1 Ekim 2012 Pazartesi

Yeni bir ay,yeni bir hafta

Yeni başlangıçlar sevilir,sevinçle de karşılanır.Kafamda düşünceler gel-git şeklinde.Öyle yoğun haller aldı ki şu 2 günde.Dolunayın da çok etkisi olur diye okudum dün.Bu zamana kadar dolunayın insanlarda çok etkisi olduğunu okur kendimde gözlemleyemezdim.Ama etkiliyormuş işte.
İyi düşünmek gerekir.Belki yarım kalmış tüm hikayeler yolunu bulur.Zorlamamak gerek.
Bir anda böyle düşünürken pat beynimde hayır,ama olmuyor işte diyor.Bir iyi bir kötü.Hepsi dolunayın etkisi dedim.Belki suçu ona attım.Derledim,topladım.
Sağlık olsun dedim.Öyle dedim,böyle dedim.
Bir sürü baş ağrısı çektim.Ağrı kesiciler işe yaramadı.Hala da başım ağrıyor.Ara ara gidip geliyor 3 gündür bu baş ağrısı.Biraz da fazla düşünceden bilirim kendimi.
Sonuçta neye bağladım ben de bilmiyorum.
Haah şimdi hatırladım,iyi olmak gerek diyen iç sesi baskın çıkarmaya çalışıyordum.Sonra kendimi öyle bir hale koydum ki,acaba Greys Anatomy mi izlesem yoksa Leyla ile Mecnunu mu dedim.Sanki tek derdim oymuş gibi hummalı düşünerek.

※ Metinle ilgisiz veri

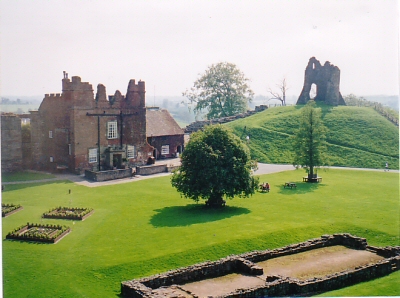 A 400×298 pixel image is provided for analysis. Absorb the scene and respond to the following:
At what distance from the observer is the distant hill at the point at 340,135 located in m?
41.5

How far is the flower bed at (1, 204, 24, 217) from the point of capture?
71.3 ft

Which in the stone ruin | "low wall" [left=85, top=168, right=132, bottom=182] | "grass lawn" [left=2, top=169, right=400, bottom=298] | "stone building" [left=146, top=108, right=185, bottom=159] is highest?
the stone ruin

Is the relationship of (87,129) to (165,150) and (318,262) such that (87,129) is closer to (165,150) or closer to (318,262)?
(165,150)

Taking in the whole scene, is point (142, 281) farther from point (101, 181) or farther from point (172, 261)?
point (101, 181)

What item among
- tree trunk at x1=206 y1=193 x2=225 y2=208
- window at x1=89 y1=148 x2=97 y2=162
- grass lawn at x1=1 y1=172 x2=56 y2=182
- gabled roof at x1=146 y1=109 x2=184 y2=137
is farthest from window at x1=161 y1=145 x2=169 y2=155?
tree trunk at x1=206 y1=193 x2=225 y2=208

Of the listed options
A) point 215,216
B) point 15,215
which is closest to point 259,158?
point 215,216

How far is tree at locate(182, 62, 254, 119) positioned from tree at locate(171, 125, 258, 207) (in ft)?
102

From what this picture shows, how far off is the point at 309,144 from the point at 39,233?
69.8ft

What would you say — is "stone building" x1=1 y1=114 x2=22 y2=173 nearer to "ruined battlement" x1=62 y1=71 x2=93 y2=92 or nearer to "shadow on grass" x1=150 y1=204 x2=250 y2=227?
"ruined battlement" x1=62 y1=71 x2=93 y2=92

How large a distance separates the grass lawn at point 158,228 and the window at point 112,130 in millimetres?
7057

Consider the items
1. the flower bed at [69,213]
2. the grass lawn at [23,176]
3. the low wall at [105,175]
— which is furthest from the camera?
the low wall at [105,175]

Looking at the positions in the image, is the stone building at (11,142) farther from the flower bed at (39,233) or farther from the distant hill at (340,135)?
the distant hill at (340,135)

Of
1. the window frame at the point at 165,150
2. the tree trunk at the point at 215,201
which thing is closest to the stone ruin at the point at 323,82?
the window frame at the point at 165,150

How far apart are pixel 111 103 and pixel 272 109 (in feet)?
84.6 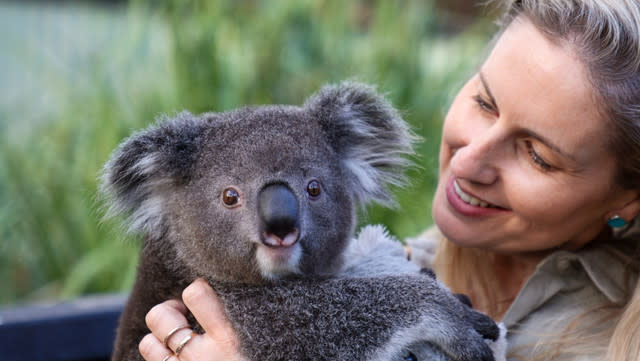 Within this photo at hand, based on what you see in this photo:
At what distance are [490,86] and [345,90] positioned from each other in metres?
0.39

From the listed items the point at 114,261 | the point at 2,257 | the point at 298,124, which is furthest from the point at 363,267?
the point at 2,257

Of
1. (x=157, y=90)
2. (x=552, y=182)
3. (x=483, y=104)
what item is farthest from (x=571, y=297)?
(x=157, y=90)

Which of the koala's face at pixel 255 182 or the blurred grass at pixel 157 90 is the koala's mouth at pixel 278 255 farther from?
the blurred grass at pixel 157 90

Büyüyorsun işte hayat hızla geçerken!



Gece gece oturdum,fotoğraflarını düzenliyorum.Ne kadar büyüdüğünü ancak fotoğraflardan görüyorum.Şaşırıyorum bu kadar minik miydin diye.
Bir çok şeyimin eksik olduğunu düşünürken aslında ne kadar zengin olduğumu hatırlatıyorsun bana.Ve ne kadar kıymetli olduğunu pek çok şeyin.
Ne şanslıyım ben şanssız olduğumu düşünürken.Ne çok hayatla doldum seninle birlikte.Ben en çok seninle benim.
Kızdığım,senin yüzünden diye düşündüğüm anlarım oluyor,olmayacak da değil.Yorulduğum da doğru,an gelip tırlatacağımı düşündüğüm de.Milyonlarca kez kendimi sorguladığım zamanlarım da var.Başımı alıp kaçma hissi ile dolduğum da.
Ama sen varsın diye değil de,sen bana ihtiyaç duyduğun için değil de,en çok benim sana ihtiyacımın olduğundan.
Bana,benim yaşamıma gönderildiğin için binlerce şükürler olsun.
Bir gün nasıl iyi annem vardı değil de ne kafa bir annem vardı demen için yaşam daha güzel olsun!Birlikte hep eğlenelim!Ağlarsak da gülmeyi bilelim!